* **The data**:

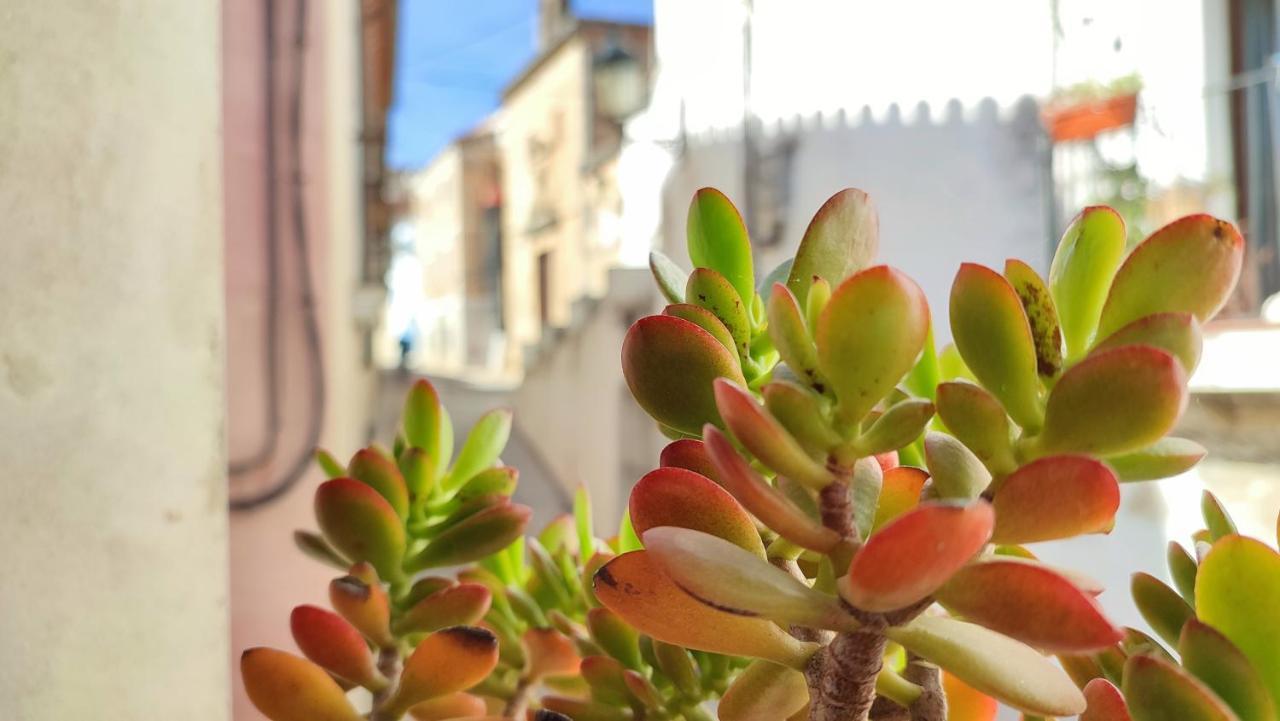 La Casina De Piedra Encanto - Parte Antigua De Caces エクステリア 写真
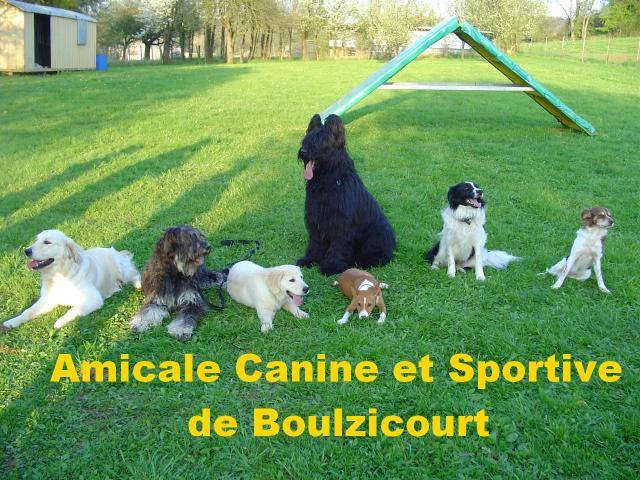 AMICALE CANINE SPORTIVE BOULZICOURT (ACSB) -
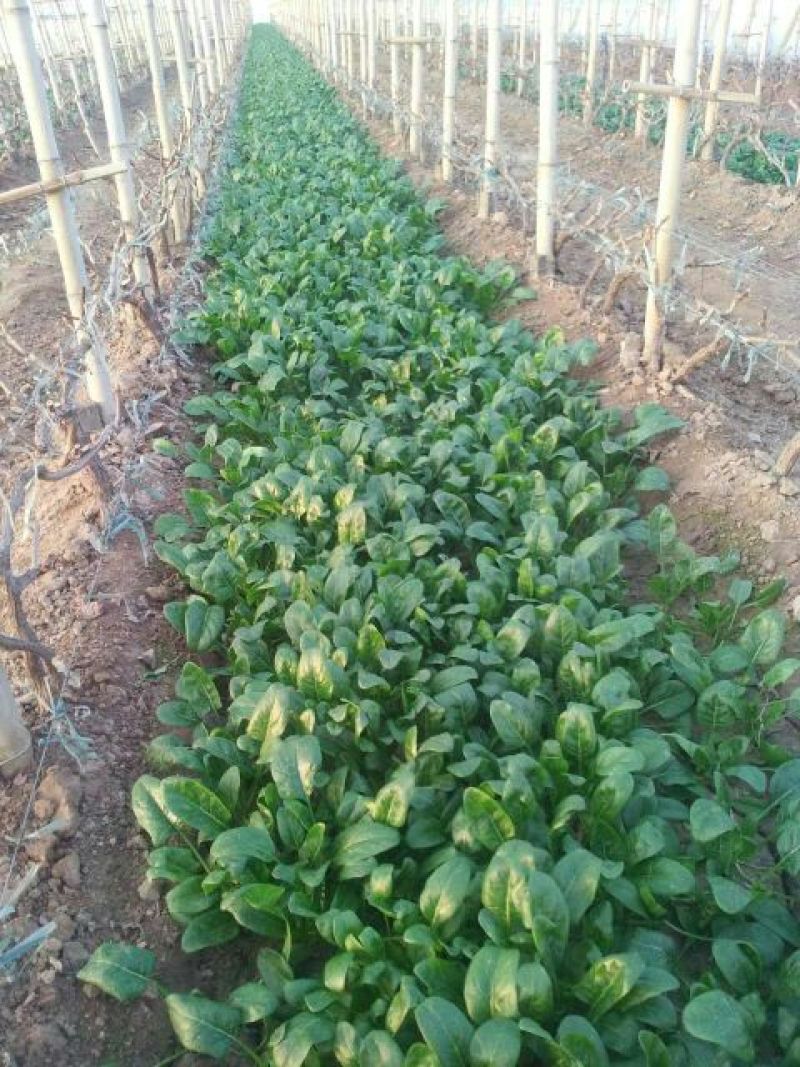 秋菠菜10~15厘米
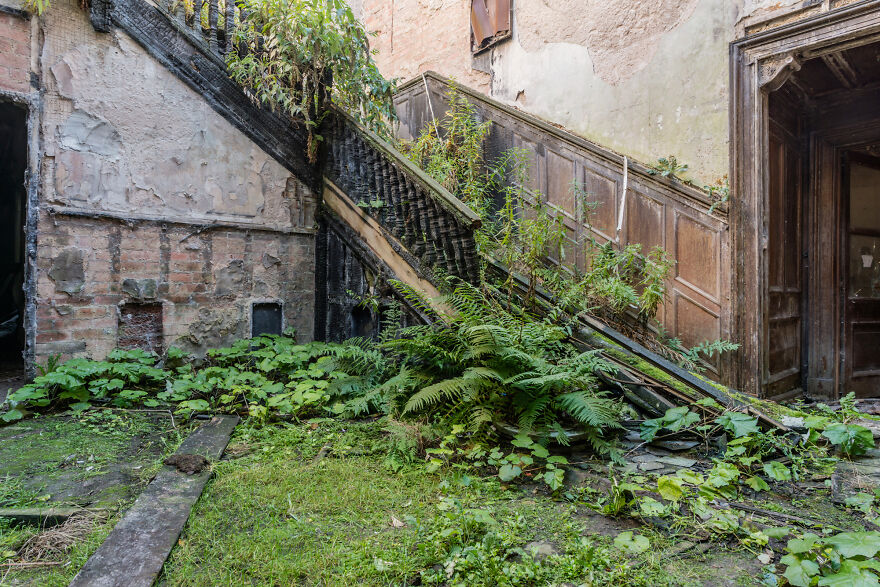 Luxuria: The World Without Us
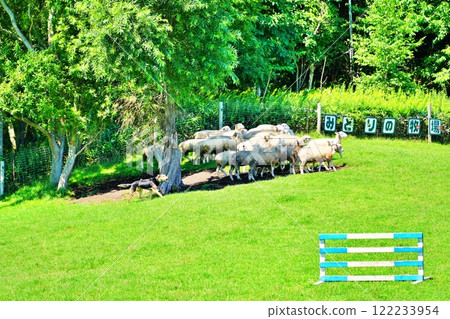 Scenery of a sheep farm (Ecorin Village, Eniwa City, Hokkaido) 122233954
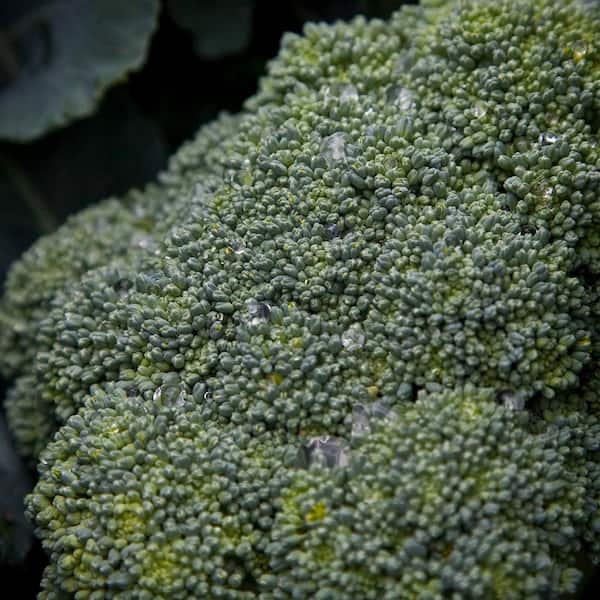 Bonnie Plants - 1.19 qt. Lieutenant Broccoli Plant (6-Pack)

* **About this task**: Apart from the pictures, every line of the material above is to be returned word for word.

* **Result of the task**:
 La Casina De Piedra Encanto - Parte Antigua De Caces エクステリア 写真
 AMICALE CANINE SPORTIVE BOULZICOURT (ACSB) -
 秋菠菜10~15厘米
 Luxuria: The World Without Us
 Scenery of a sheep farm (Ecorin Village, Eniwa City, Hokkaido) 122233954
 Bonnie Plants - 1.19 qt. Lieutenant Broccoli Plant (6-Pack)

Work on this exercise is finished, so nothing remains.